= Oxylus (son of Haemon) =

Greek mythological figure

Oxylus (/ˈɒksᵻləs/; Ancient Greek: Ὄξυλος Oxulos), was a mythical king of Elis, who came from Aetolia and was son of Haemon (himself son of Thoas) or of Andraemon.

== Mythology ==
Oxylus was exiled from Aetolia on account of unintentional homicide; his victim was either his own brother Therimus or a certain Alcidocus, son of Scopius. In his wanderings, he met Temenus, son of Aristomachus, on a road. Temenus had been told by an oracle to look out for a man with three eyes, and since Oxylus was riding a horse or mule with one eye, he matched that description. Oxylus then, as the oracle had recommended, accompanied Temenus and his brother, Cresphontes, in their invasion of the Peloponnese. He advised them to invade the Peloponnese by ship, sailing from Naupactus to Molycrium. For his aid, Oxylus asked to be given Elis, a fertile land, as his own.

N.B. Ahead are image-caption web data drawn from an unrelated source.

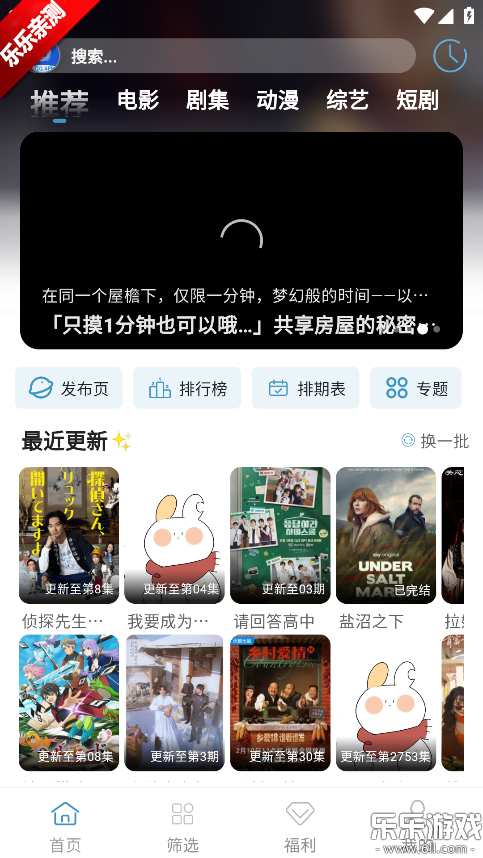 ��ȦȦ�������°�v1.0.0 �ֻ���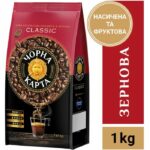 купити  ЧОРНА КАРТА Classic в зернах 1000 г (ck.53845)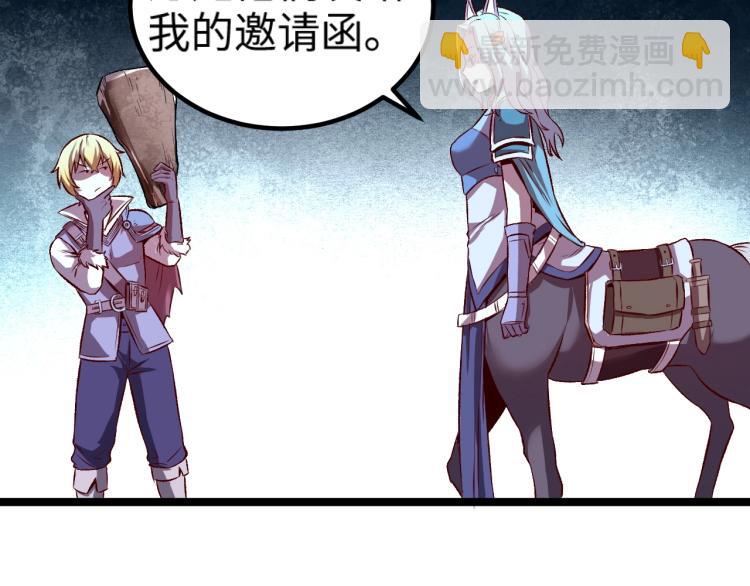 我是異世界最強領主 - 第9話 半人馬氏族(2/3) - 7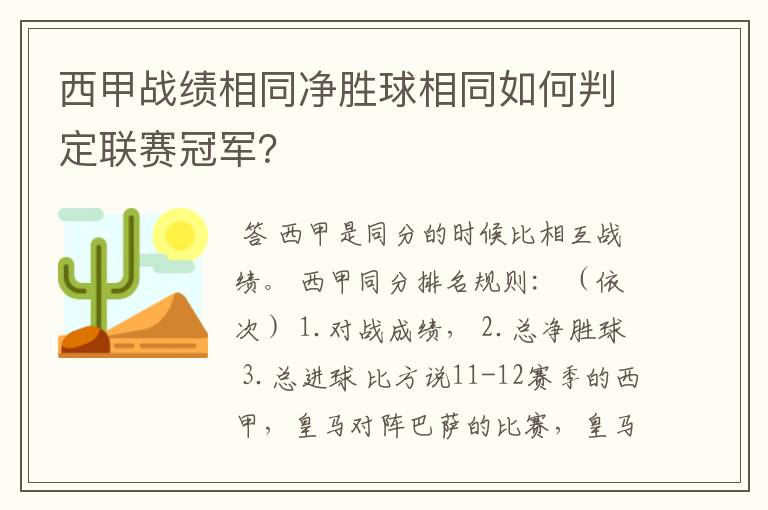 西甲战绩相同净胜球相同如何判定联赛冠军？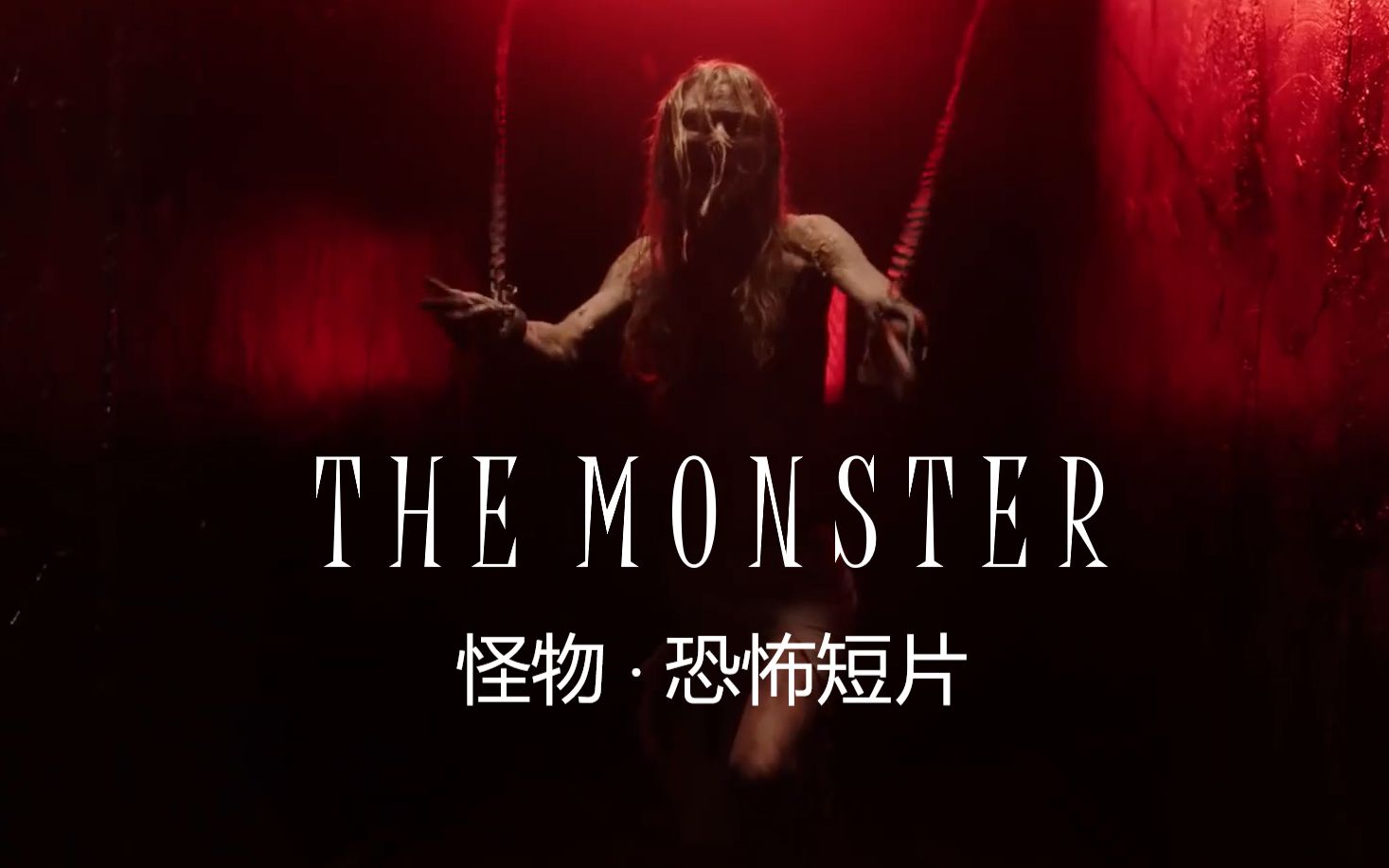 【获奖恐怖短片】怪物 The Monster 中文字幕哔哩哔哩bilibili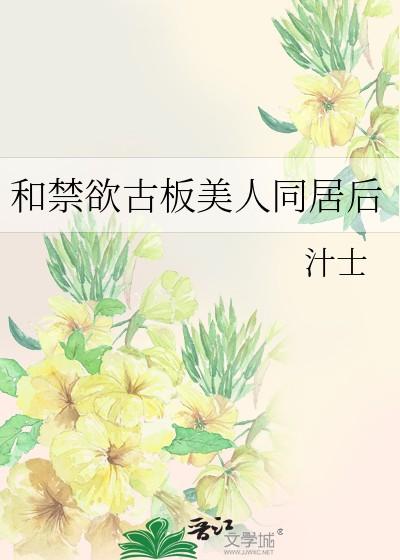 属猴相克的生肖有哪些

Since Oxylus suspected that the Dorians would not give Elis to him, when they saw how fertile it was, he led them through Arcadia and not Elis. Nevertheless, Pausanias says that he did have to fight over the land with the Dorian Dius. The latter proposed that each side chose a single soldier to represent his army. Degmenus, an archer, fought for Dius and Pyraechmes, a slinger, for Oxylus; the latter won, and Oxylus received Elis as his domain. Strabo tells the same story, but says that the opponent was the native Epeans. Polyaenus calls the archer Aeschines rather than Degmenus.

After gaining control of Elis, Oxylus settled Aetolians there and allowed Dius to settle with special rights. Pausanias says that Oxylus allowed the Epeans to stay too and maintained the existing cults; Strabo says that he drove the Epeans out. He allowed Dius to settle there as well, and brought the people from the surrounding villages into the city, thus becoming the city's founder. In accordance with a prophecy of the oracle, he brought in Agorius, great-grandson of Orestes and thus a descendant of Pelops, as a co-founder. The land became prosperous under him. The Dorians swore an oath never to invade Elis, which Strabo presents as a precursor of the Olympic truce and the reason why Elis had no city walls. This truce lasted until the time of Pheidon of Argos.

== Descendants ==
By his wife Pieria, Oxylus had two sons: Aetolus, who died before his parents and was buried next to the gate leading to Olympia, and Laias, who inherited the kingdom after him. A descendant, Iphitus, re-established the Olympic Games, an event connected by some authors with the first Olympiad in 779 BC. A family claiming descent from Oxylus is attested at Elis from the fourth century BC until AD 157.